La última vez que lo ví fue en su casa, me senté junto a él y le dije que lo quería mucho. Le encantaba que lo mimaran, y en esa conversación, me dijo: "El secreto de mi juventud es que en las comidas como muy poco, siempre busco quedarme con hambre. Además, me rodeo de gente joven todos los días. Y, por último, a diario me leo la prensa de cabo a rabo".
"¿Las recetas de cocina también?", le pregunté, bromista. "Las recetas de cocina, también. Leo todo".
El domingo de Pascua siguiente, a la semana de mi visita, se vistió con su traje dominguero para ir a la fiesta que ofrecía, por tal fecha, el Centro Vasco Denak Bat, del cual fue co-fundador, cincuenta años atrás. Comenzó a sentirse descompuesto y escribió, con su prolija letra caligráfica en un papel que dejó en su mesita de escritorio: "10:30 horas, no me siento bien".
Se recostó en su cama así vestido para descansar esperando que se le pase el malestar, y así, como en un sueño, don Félix se fue para no volver. Sobre su mesa estaba la máquina de escribir, con una hoja en su carro, del libro que había estado escribiendo hasta el día anterior. Tenía 93 jóvenes años.

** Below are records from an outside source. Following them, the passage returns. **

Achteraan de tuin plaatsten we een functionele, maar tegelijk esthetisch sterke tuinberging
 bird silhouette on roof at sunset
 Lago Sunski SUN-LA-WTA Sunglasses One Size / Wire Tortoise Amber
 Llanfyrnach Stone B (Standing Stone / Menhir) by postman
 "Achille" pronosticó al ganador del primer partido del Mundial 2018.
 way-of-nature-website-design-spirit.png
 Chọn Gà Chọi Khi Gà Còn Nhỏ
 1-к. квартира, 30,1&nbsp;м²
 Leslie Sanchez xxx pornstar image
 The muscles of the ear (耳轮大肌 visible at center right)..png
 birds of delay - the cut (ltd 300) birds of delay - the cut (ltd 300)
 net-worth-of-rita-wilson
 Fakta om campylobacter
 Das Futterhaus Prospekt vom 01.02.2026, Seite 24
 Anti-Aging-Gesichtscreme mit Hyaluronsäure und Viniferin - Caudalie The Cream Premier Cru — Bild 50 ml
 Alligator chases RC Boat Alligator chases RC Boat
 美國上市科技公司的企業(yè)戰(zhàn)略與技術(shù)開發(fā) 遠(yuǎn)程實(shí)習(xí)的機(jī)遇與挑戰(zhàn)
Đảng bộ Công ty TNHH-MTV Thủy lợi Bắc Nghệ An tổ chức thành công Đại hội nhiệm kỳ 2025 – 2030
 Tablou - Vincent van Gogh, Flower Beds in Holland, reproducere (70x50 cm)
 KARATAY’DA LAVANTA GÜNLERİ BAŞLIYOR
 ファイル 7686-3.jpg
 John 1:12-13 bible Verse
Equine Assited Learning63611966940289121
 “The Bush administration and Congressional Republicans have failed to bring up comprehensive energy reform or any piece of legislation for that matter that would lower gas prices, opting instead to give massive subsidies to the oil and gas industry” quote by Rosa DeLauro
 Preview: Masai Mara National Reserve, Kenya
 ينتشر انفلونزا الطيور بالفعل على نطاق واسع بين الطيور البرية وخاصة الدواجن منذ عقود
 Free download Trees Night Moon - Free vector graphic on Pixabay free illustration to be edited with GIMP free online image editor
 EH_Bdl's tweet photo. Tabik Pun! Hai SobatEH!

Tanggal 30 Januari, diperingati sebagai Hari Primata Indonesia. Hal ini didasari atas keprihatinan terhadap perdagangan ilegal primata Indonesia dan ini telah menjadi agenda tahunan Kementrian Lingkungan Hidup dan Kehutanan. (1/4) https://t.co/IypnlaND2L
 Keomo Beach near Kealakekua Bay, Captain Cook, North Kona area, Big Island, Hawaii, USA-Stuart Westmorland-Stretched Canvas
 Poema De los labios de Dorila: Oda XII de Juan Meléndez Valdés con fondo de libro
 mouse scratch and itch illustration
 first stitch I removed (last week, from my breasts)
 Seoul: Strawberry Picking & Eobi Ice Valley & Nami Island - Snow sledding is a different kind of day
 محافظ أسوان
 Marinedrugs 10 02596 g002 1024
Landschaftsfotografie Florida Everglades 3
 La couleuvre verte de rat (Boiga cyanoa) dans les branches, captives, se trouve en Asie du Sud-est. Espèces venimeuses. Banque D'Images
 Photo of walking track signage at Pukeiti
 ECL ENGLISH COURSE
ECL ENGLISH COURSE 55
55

No hay elixires mágicos, ni tratamientos tecnológicos que realmente nos den la eterna juventud. No importa cuánto nos toque vivir, es un hecho que la única fuente de la juventud eterna es una vida disciplinada, una mente curiosa y activa, una actividad física natural y diaria, y una relación con personas que te suman, te aportan y te alegran, para retroalimentarte con ellas.